Researchers are trying to recreate an extinct species of the lumbering reptiles by breeding closely related species that contain traces of the lost lineage’s DNA.
Giant tortoises that once inhabited the Galapagos Island of Floreana may get another chance at existence, thanks to the efforts of researchers working to recreate a close genetic facsimile of the species by breeding together related species that contain traces of the extinct reptiles’ DNA.
Scientists working in the far flung archipelago have corralled more than 30 tortoises with morphologies reminiscent of Floreana tortoises that have the highest amounts of Floreana tortoise DNA, each enclosure containing three females and two males, in the hopes that the animals will mate and produce offspring that approach the genetic profile of the long lost species.
Scientists declared the Floreana tortoises (Chelonoidis elephantopus) extinct in the 1800s, a result of sailors of the era capturing and eating the animals on long ocean journeys back to Europe. But in 2008, researchers studying tortoises on the island of Isabela discovered that some individuals in that population contained genetic traces of Floreana tortoises.
“This is a species that was considered extinct for 160 years,” Washington Tapia, one of the scientists who studied the tortoises, tells The Associated Press. “We didn’t imagine what we would find.”
This week (September 13), an international team of researchers that included Tapia provided an update in Scientific Reports that described the genetic makeup of tortoises they captured and relocated from a remote volcano on Isabela Island to a captive breeding facility on Santa Cruz Island. Of 150 Isabela tortoises, 64 had marks of C. elephantopusancestry, and 32 were placed in breeding corrals on Santa Cruz Island. The hope is that these tortoises—who are thought to contain traces of C. elephantopus DNA because sailors would sometimes offload animals they had collected on Floreana on Isabela to lighten their ships’ loads—can mate and produce offspring that have even more substantial chunks of the extinct species’s DNA.

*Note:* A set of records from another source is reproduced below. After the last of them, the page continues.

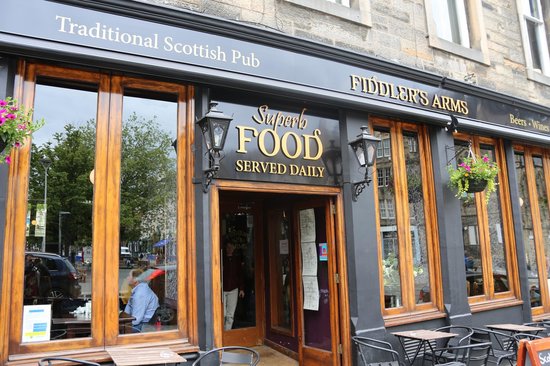 Entrada del pub tradicional escocés The Fiddler's Arms en Grassmarket, Edimburgo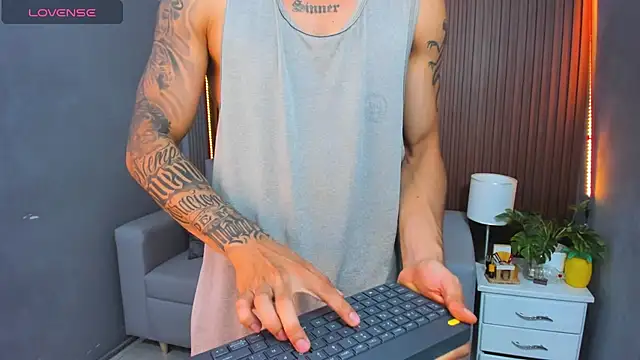 Snapshot of Leo_santoro chatting on 25, 11, 2025 Leo santoro online show from 25, 11, 2025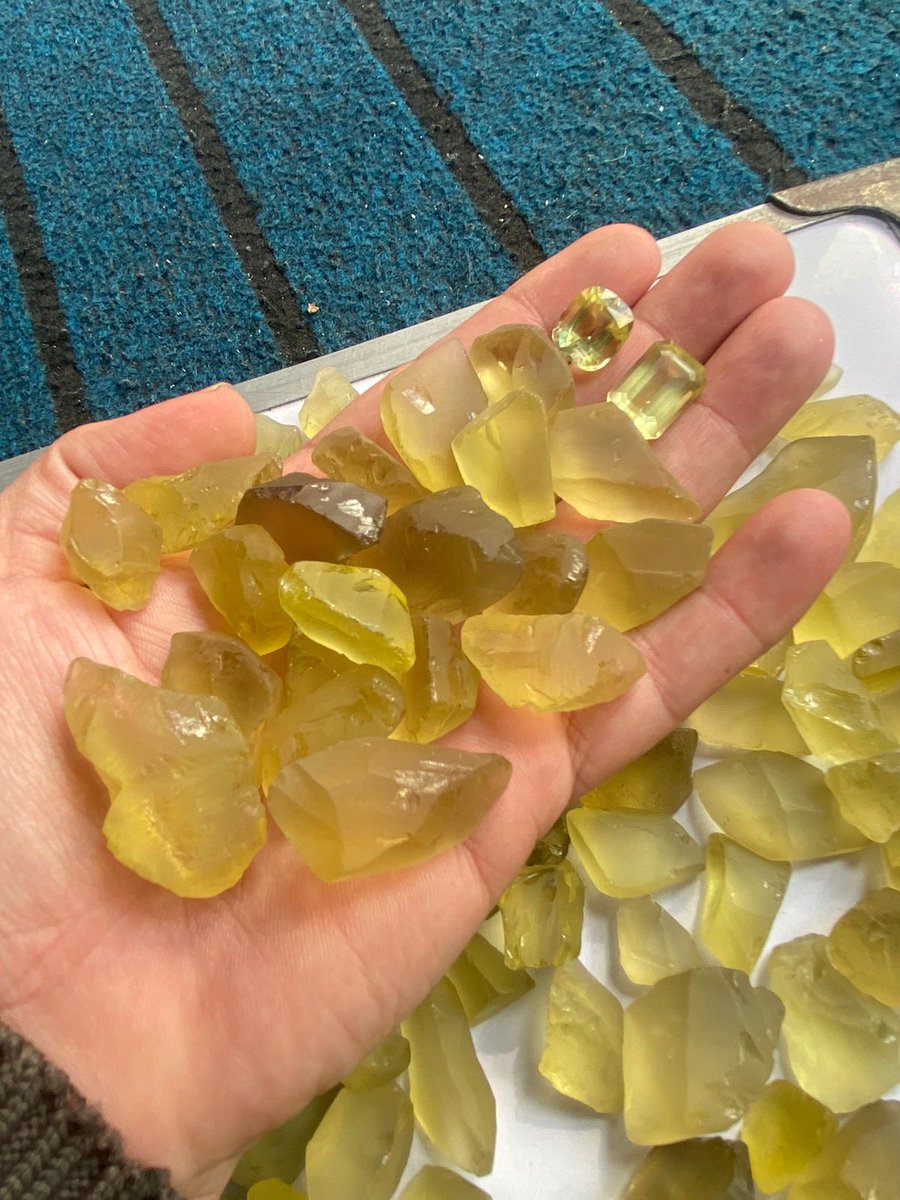 folkertreasure's tweet photo. Item:  good Quality preformed lemon citrine 

 #lemonquartz  #facetcitrine  #citrinecrystal #facetstones #crystal #crystalgems  #gemstone  #roughstone  #gemsrocksmineral #quartz  #citrin #yellowcitrin https://t.co/wjZPxbIpEi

“I can assure you that I helped to clean and prepare the corrals where they were housed and there is space, plenty of food and water,” Luciano Beheregaray, a coauthor and geneticist at Flinders University in Adelaide, Australia, tells Wired.

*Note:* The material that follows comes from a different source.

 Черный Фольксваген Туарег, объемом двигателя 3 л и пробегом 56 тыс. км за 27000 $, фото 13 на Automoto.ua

As the lumbering reptiles are typically slow to reproduce—individuals can take 25 years to reach sexual maturity–the results of the resurrection effort will take some time to emerge. But the researchers hope that tortoises containing larger traces of C. elephantopus DNA will one day repopulate Floreana, which will slowly drive evolution of the translocated population and the island’s landscape.
“I am intrigued with letting these imperfect tortoises go and letting evolutionary process refit them to the island,” James Gibbs, a coauthor and researcher at the State University of New York College of Environmental Science and Forestry in Syracuse, tells Wired.